Every record below is to be retyped exactly, with the pictures left out.

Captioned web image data
--- START ---

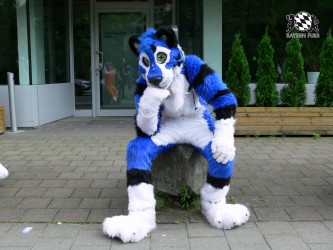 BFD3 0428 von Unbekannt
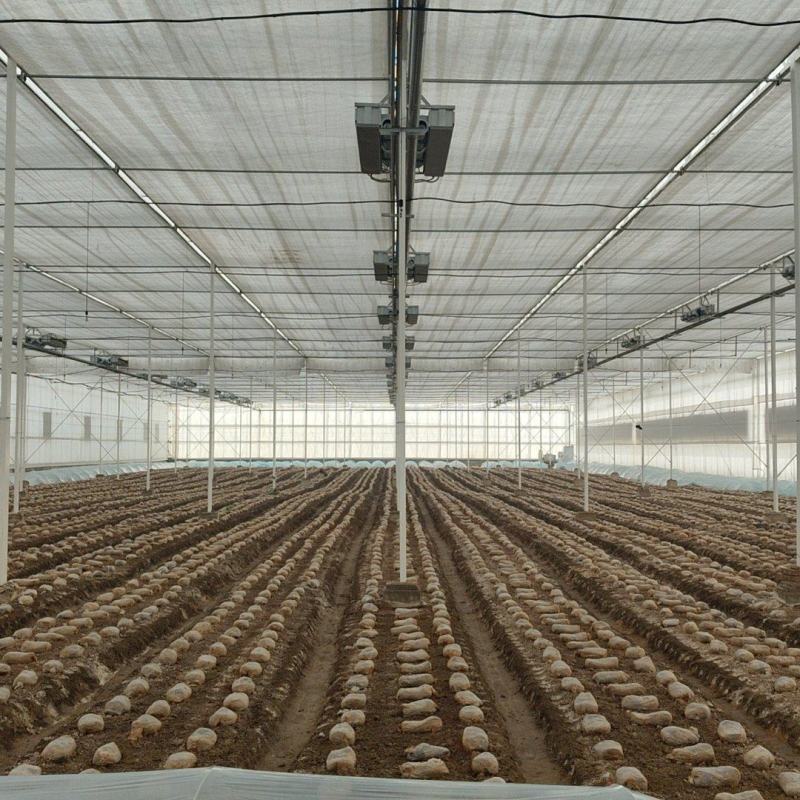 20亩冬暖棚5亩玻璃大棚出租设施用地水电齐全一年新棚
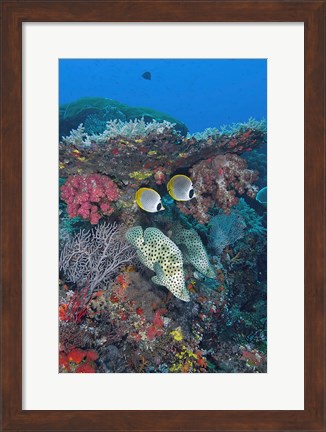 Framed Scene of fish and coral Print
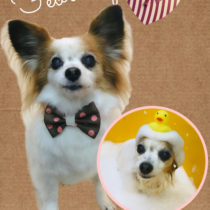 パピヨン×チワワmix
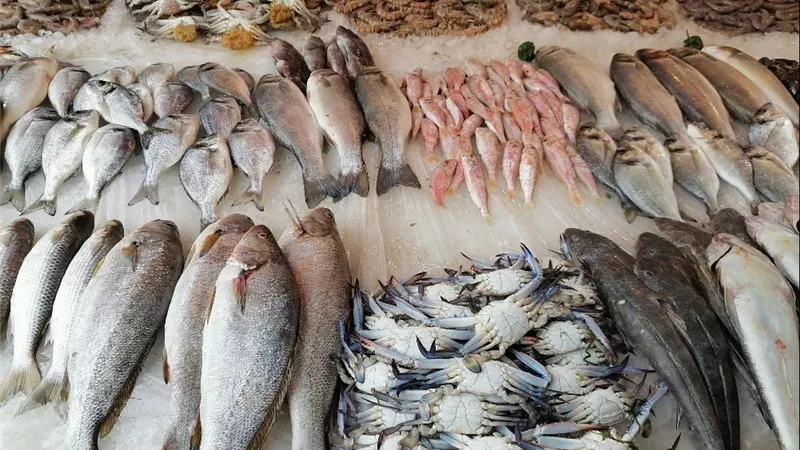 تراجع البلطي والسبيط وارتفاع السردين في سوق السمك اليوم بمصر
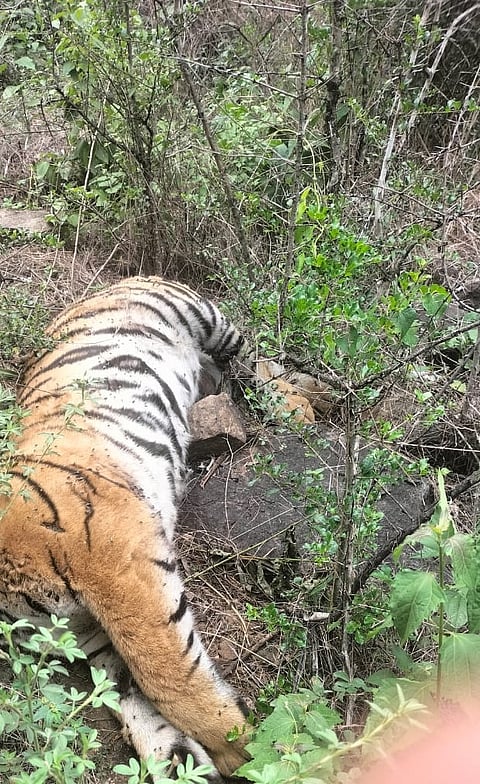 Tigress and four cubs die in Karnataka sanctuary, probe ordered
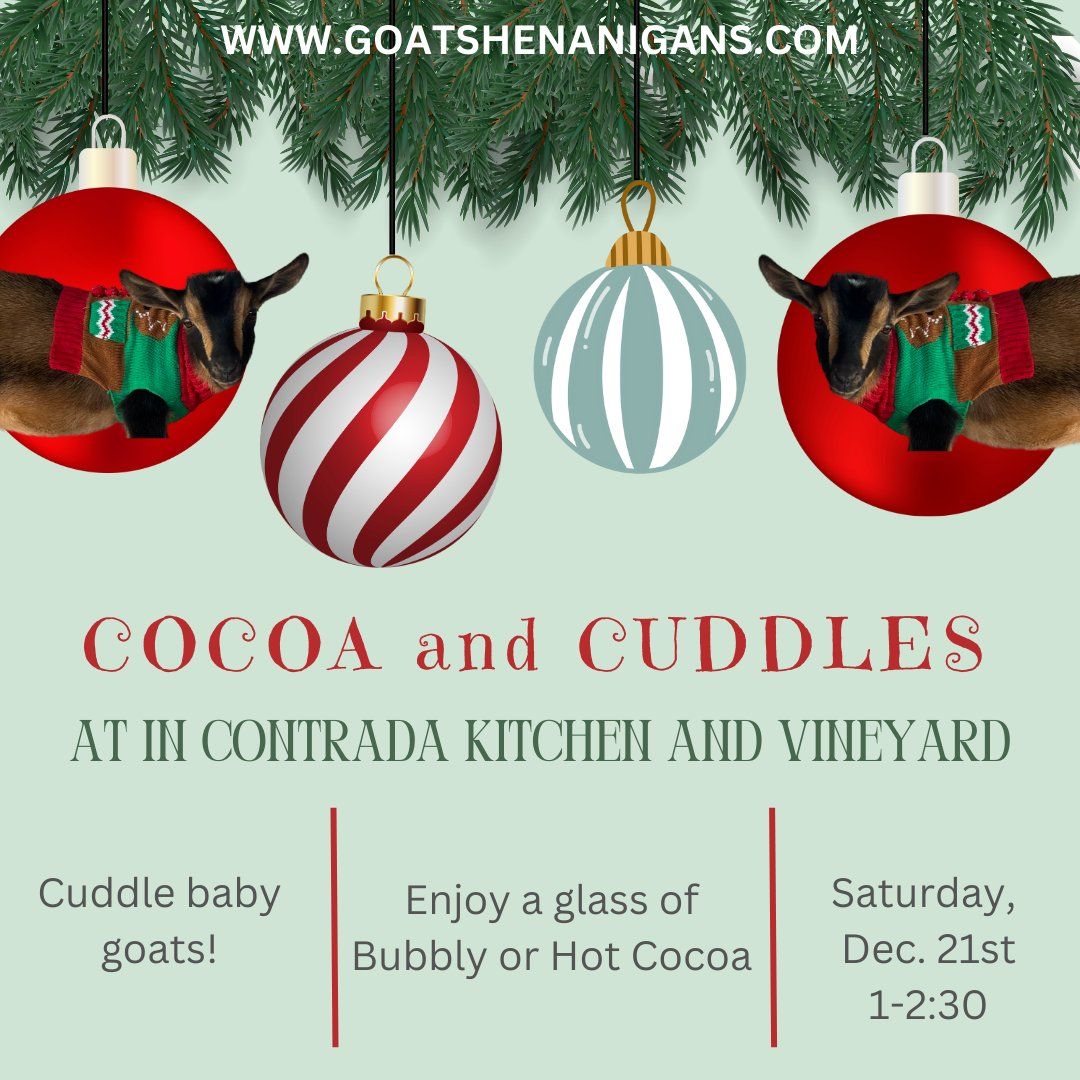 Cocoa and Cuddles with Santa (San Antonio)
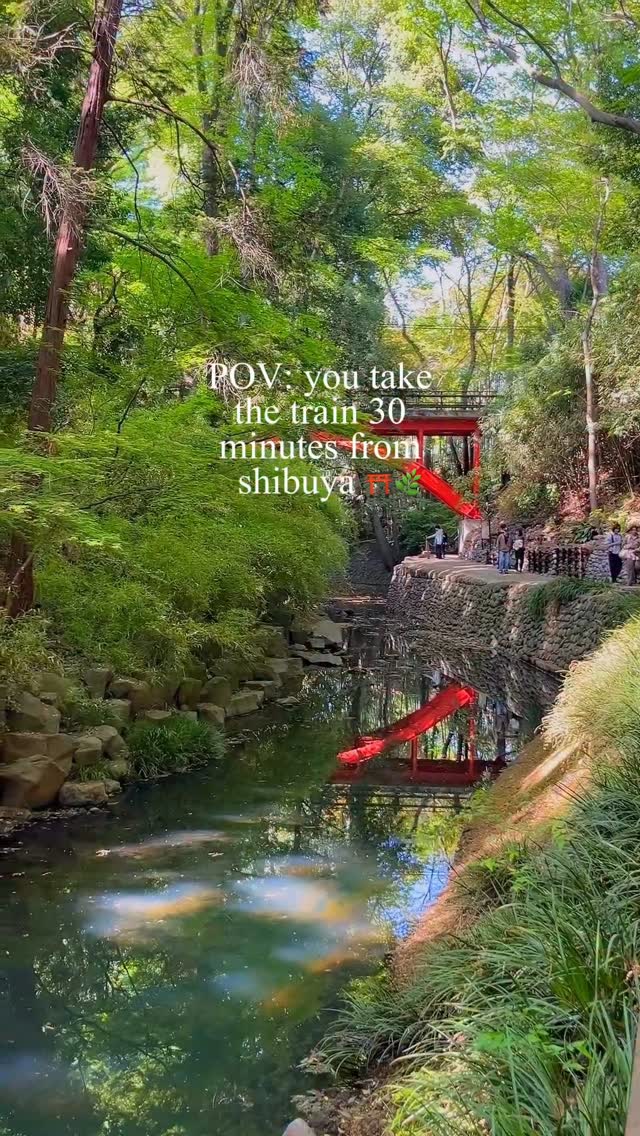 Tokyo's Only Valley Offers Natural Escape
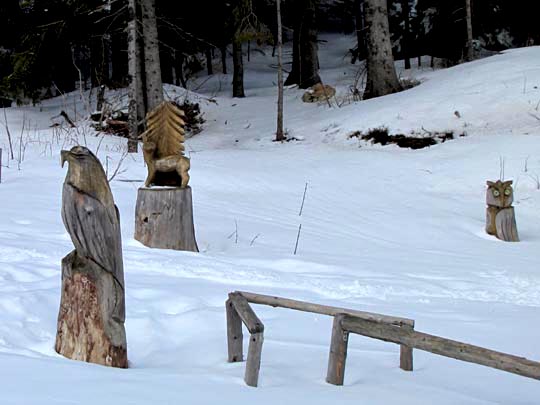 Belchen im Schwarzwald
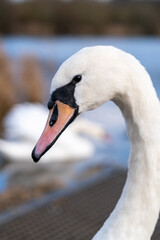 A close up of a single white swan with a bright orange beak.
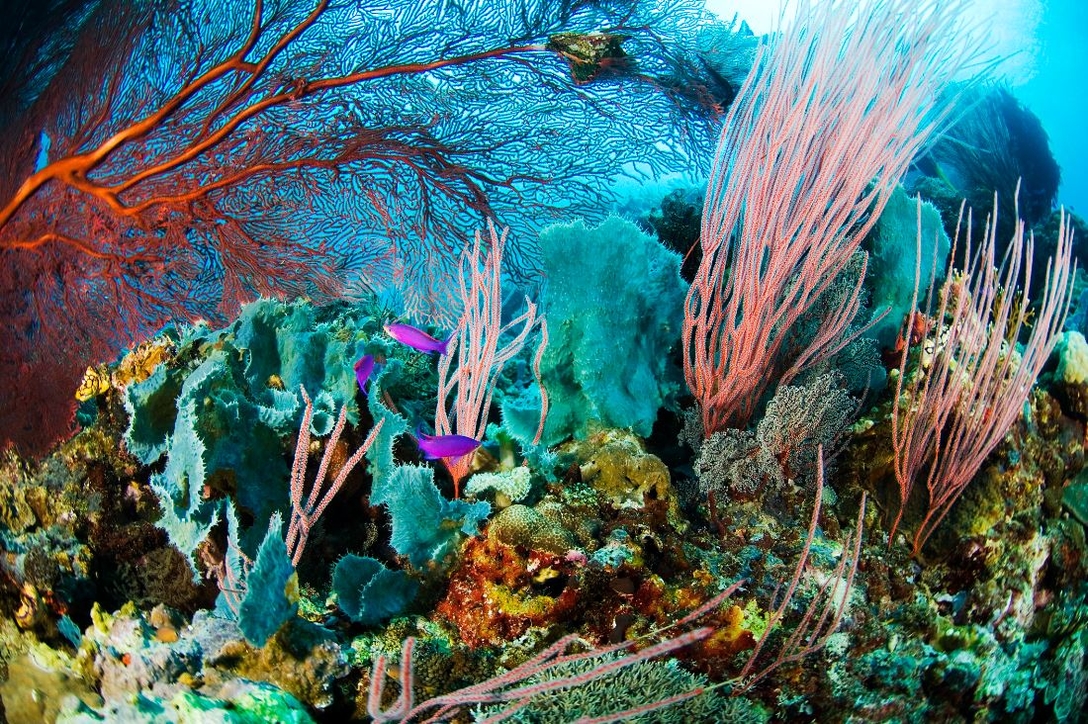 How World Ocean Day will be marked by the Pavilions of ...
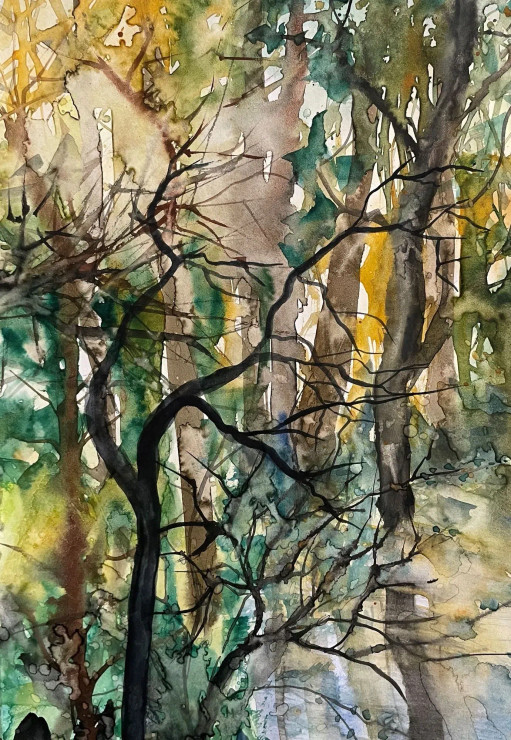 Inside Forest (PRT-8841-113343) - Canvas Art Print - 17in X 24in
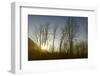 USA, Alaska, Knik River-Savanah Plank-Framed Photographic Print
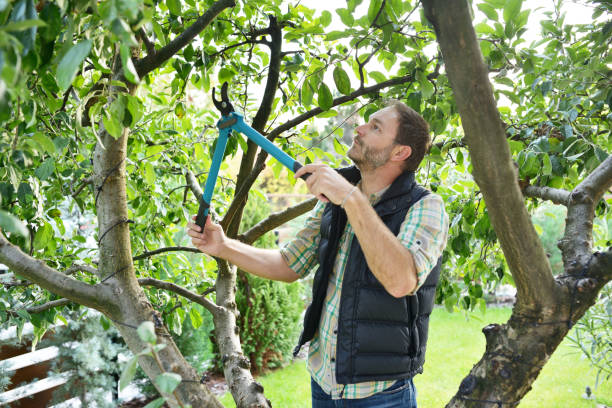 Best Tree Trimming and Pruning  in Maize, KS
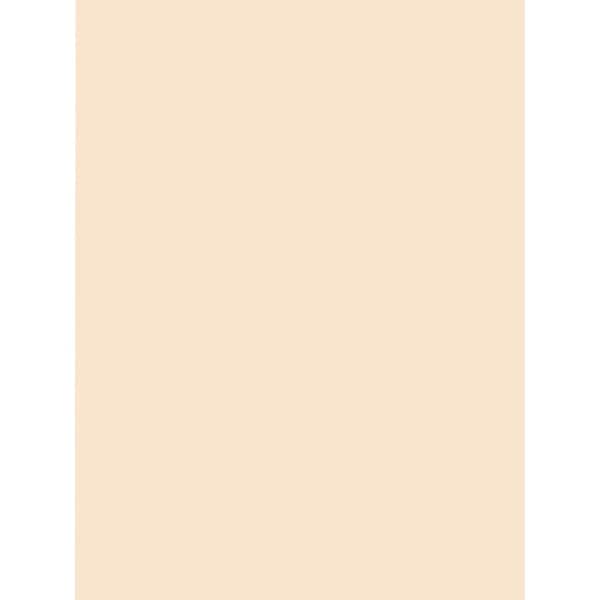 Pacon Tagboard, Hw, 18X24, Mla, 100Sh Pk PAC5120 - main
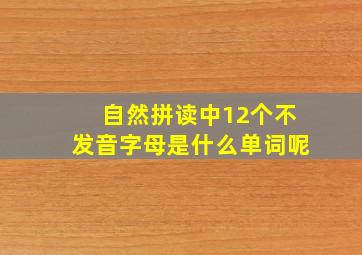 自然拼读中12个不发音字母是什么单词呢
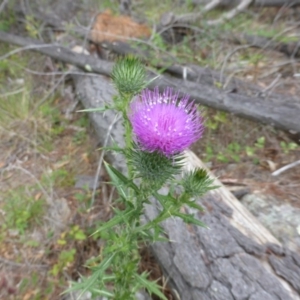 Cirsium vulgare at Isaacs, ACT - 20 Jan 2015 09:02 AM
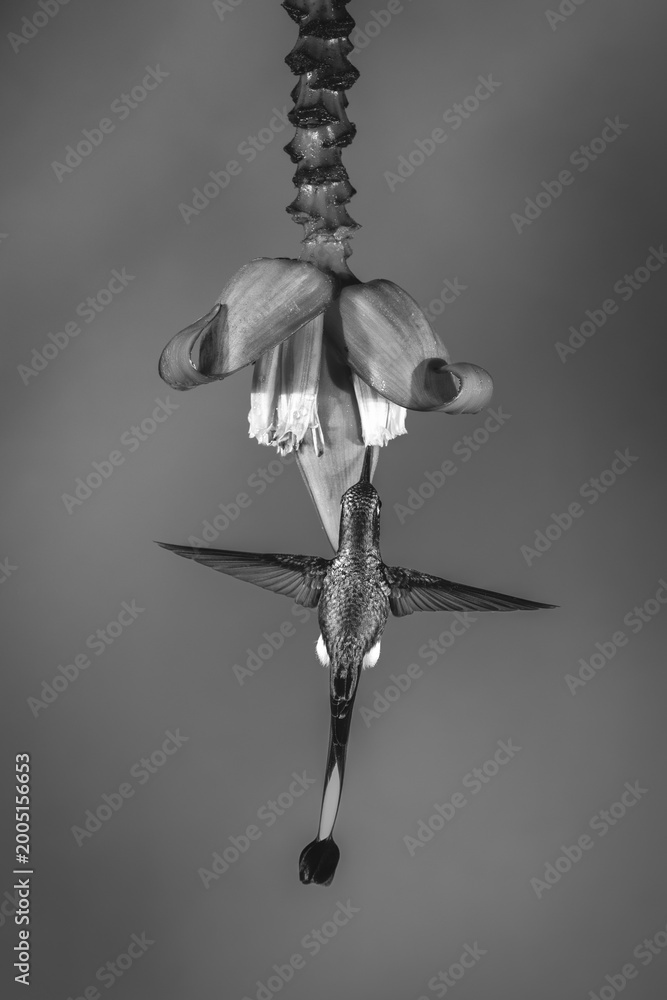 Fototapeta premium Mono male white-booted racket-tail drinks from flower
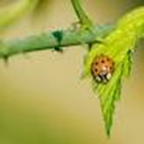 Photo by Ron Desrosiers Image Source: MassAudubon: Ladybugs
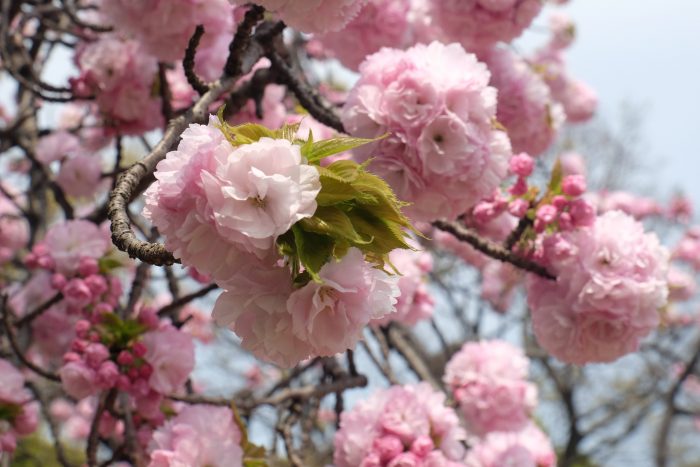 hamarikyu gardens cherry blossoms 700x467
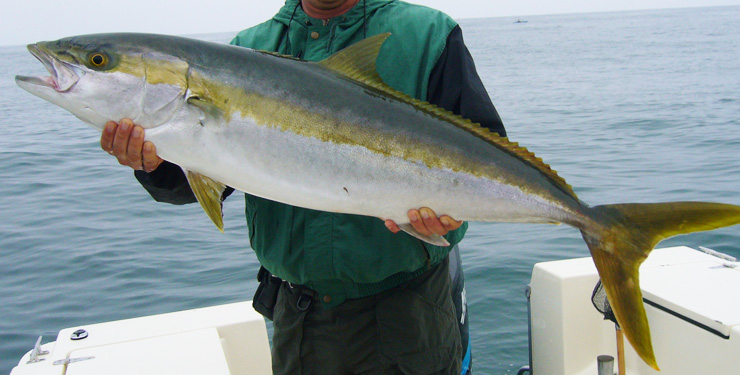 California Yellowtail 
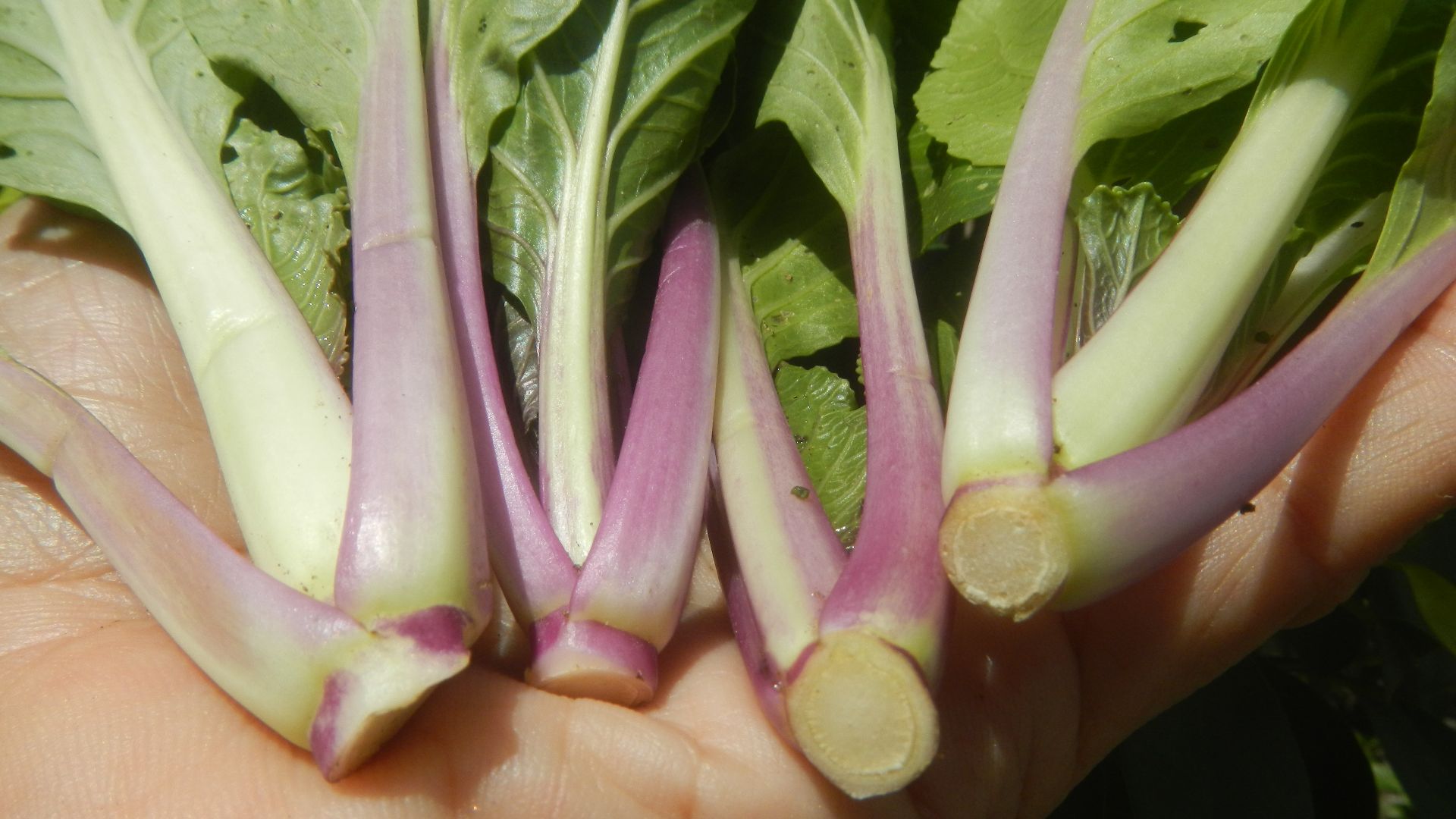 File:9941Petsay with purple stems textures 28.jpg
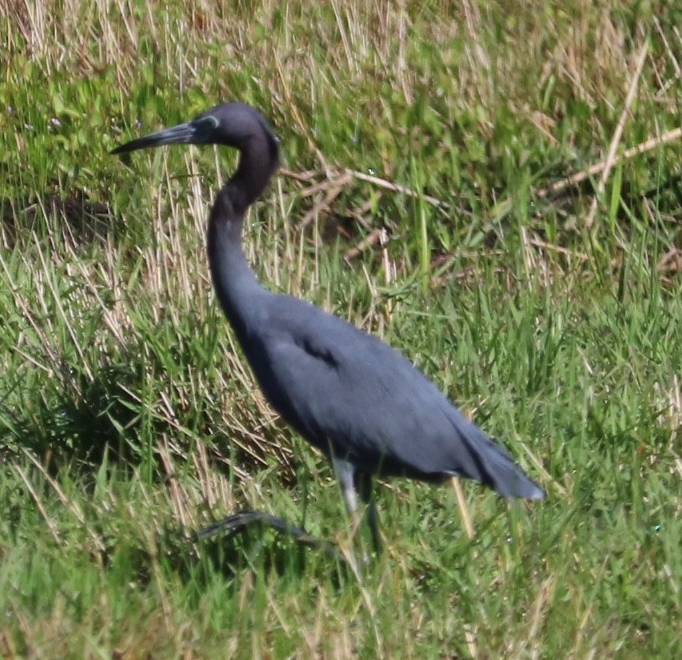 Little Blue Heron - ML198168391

--- END ---

- **Task output**:
 BFD3 0428 von Unbekannt
 20亩冬暖棚5亩玻璃大棚出租设施用地水电齐全一年新棚
 Framed Scene of fish and coral Print
 パピヨン×チワワmix
 تراجع البلطي والسبيط وارتفاع السردين في سوق السمك اليوم بمصر
 Tigress and four cubs die in Karnataka sanctuary, probe ordered
 Cocoa and Cuddles with Santa (San Antonio)
 Tokyo's Only Valley Offers Natural Escape
 Belchen im Schwarzwald
 A close up of a single white swan with a bright orange beak.
 How World Ocean Day will be marked by the Pavilions of ...
 Inside Forest (PRT-8841-113343) - Canvas Art Print - 17in X 24in
 USA, Alaska, Knik River-Savanah Plank-Framed Photographic Print
 Best Tree Trimming and Pruning  in Maize, KS
 Pacon Tagboard, Hw, 18X24, Mla, 100Sh Pk PAC5120 - main
 自然拼读中12个不发音字母是什么单词呢
 Cirsium vulgare at Isaacs, ACT - 20 Jan 2015 09:02 AM
 Fototapeta premium Mono male white-booted racket-tail drinks from flower
 Photo by Ron Desrosiers Image Source: MassAudubon: Ladybugs
 hamarikyu gardens cherry blossoms 700x467
 California Yellowtail 
 File:9941Petsay with purple stems textures 28.jpg
 Little Blue Heron - ML198168391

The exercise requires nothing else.